Para o analista Luiz Cláudio, no entanto, essa polarização não será tão grande no Ceará. Para o cientista político, a população seguirá por duas vias: ou reelegerá prefeitos bem avaliados, ou, caso eles não possam se reeleger, optarão por um grupo aliado.
“A oposição, nesse caso será mais eclética.
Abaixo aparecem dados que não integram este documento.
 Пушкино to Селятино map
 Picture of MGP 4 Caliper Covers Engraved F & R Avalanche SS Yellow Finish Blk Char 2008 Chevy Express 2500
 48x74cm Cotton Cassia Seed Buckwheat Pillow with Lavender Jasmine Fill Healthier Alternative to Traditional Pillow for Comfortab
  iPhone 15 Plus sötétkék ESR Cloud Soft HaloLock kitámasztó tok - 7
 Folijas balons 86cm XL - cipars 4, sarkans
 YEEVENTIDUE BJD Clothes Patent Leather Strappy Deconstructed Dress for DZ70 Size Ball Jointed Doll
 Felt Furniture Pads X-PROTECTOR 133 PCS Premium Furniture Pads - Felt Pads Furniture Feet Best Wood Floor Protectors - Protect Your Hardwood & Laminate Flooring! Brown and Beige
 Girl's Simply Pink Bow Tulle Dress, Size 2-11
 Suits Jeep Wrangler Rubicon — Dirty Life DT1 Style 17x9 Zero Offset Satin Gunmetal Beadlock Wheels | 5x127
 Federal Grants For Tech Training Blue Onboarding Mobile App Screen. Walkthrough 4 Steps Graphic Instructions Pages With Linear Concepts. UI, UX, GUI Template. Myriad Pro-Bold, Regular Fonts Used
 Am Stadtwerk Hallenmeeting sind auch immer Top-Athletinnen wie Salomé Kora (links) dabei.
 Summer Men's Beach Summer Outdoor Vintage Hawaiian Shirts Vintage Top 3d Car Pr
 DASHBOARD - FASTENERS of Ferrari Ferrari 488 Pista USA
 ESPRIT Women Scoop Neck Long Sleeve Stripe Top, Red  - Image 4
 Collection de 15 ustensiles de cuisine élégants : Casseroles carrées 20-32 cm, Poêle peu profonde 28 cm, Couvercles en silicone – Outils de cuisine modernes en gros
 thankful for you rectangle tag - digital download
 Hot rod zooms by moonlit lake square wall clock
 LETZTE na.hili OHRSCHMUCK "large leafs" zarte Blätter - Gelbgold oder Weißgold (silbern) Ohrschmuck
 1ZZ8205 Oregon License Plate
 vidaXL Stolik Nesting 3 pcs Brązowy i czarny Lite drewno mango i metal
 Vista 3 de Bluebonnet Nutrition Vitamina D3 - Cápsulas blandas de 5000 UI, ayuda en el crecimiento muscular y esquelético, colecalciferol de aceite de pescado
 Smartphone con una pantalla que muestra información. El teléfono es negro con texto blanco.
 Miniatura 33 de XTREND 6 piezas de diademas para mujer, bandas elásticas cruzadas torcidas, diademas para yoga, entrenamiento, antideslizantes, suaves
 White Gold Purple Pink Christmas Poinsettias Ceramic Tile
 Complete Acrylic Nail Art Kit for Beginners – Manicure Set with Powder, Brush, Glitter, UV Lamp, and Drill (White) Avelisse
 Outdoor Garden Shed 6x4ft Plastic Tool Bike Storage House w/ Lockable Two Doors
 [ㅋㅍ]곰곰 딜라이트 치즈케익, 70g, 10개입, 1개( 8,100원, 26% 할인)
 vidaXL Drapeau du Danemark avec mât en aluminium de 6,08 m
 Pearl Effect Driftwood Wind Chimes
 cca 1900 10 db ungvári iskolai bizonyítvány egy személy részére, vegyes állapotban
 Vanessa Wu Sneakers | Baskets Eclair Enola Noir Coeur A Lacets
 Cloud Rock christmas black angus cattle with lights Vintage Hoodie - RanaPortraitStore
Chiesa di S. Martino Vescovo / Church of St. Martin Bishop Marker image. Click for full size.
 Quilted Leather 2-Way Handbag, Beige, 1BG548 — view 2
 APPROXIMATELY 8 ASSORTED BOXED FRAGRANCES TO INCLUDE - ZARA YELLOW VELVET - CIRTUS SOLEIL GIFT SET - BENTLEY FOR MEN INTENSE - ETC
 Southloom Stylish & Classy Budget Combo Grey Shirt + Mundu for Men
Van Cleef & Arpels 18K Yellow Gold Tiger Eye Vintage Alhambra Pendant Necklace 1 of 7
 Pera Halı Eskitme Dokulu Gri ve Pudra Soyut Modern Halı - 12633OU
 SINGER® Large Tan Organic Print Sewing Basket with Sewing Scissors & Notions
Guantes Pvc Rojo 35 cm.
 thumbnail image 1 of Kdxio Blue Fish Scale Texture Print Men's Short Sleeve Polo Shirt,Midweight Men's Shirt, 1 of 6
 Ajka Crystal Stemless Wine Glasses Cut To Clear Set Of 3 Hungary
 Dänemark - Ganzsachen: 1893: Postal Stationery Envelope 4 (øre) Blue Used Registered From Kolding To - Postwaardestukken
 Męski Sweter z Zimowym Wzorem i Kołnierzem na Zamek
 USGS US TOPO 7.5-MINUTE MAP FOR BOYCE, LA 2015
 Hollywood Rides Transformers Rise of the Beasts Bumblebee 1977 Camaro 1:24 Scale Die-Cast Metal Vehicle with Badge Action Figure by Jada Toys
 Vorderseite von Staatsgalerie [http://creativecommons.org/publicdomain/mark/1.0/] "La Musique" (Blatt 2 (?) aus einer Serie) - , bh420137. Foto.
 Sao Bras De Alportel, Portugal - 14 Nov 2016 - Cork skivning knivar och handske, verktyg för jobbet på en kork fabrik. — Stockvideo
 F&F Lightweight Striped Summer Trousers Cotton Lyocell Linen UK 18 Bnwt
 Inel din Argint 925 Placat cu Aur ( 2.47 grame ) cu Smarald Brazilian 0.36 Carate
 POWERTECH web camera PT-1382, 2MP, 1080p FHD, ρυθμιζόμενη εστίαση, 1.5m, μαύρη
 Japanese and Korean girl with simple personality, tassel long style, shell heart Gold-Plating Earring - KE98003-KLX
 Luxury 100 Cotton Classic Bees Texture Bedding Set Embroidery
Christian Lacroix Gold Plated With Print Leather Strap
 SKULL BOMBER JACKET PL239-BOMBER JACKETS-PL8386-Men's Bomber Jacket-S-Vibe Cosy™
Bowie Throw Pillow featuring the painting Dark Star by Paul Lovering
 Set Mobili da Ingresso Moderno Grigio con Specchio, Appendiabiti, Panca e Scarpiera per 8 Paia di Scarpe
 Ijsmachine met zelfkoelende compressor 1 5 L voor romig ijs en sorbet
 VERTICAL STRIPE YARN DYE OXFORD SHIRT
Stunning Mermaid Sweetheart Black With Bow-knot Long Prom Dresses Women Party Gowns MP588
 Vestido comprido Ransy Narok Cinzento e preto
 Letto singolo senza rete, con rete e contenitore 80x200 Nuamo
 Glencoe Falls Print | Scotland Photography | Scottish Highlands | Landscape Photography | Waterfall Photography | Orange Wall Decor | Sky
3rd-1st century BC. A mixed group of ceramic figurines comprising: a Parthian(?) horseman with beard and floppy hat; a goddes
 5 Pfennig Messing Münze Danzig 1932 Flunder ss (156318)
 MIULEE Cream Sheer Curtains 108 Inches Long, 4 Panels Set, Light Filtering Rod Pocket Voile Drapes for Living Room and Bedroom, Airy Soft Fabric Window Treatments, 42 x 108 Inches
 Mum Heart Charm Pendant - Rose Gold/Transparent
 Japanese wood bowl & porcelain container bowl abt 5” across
Ela vai se reorganizar, e na minha avaliação pode ter uma surpresa em alguns municípios a dobradinha União Brasil-PL acontecer, junto com o PDT”, prevê Luiz Cláudio.
Internacional
Ainda analisando o cenário internacional, Leonardo Bayma aposta que as tendências conflituosas do ano de 2023 sigam no ano seguinte.
“O cenário é de um mundo de conflitos armados e ações terroristas, além da América Latina, com o avanço de governos de direita, como no Peru e no Chile, sucedendo os atuais governos de esquerda”, projeta Bayma.
Questões sociais
Ao analisar as perspectivas para o ano de 2024, a cientista Carla Michele Quaresma destaca uma questão mais específica de políticas públicas: a promoção de melhoria de indicadores sociais.
Para a professora da Faculdade Ari de Sá, isso será um foco do Governo Federal, tendo em vista que ainda há um contingente muito grande no Brasil de pessoas em situação de vulnerabilidade social.
“A despeito das políticas públicas de déficit fiscal, acredito que haja grandes investimentos nessa área social pra retomar. Essa foi uma marca dos primeiros governos do presidente Lula”, argumenta a professora.
O objetivo, então, seria a busca pela mudança desses indicadores sociais. “Principalmente os ligados a investimentos que revertam a situação dessas pessoas que vivem em situação de pobreza e extrema pobreza no Brasil”, comenta Michele.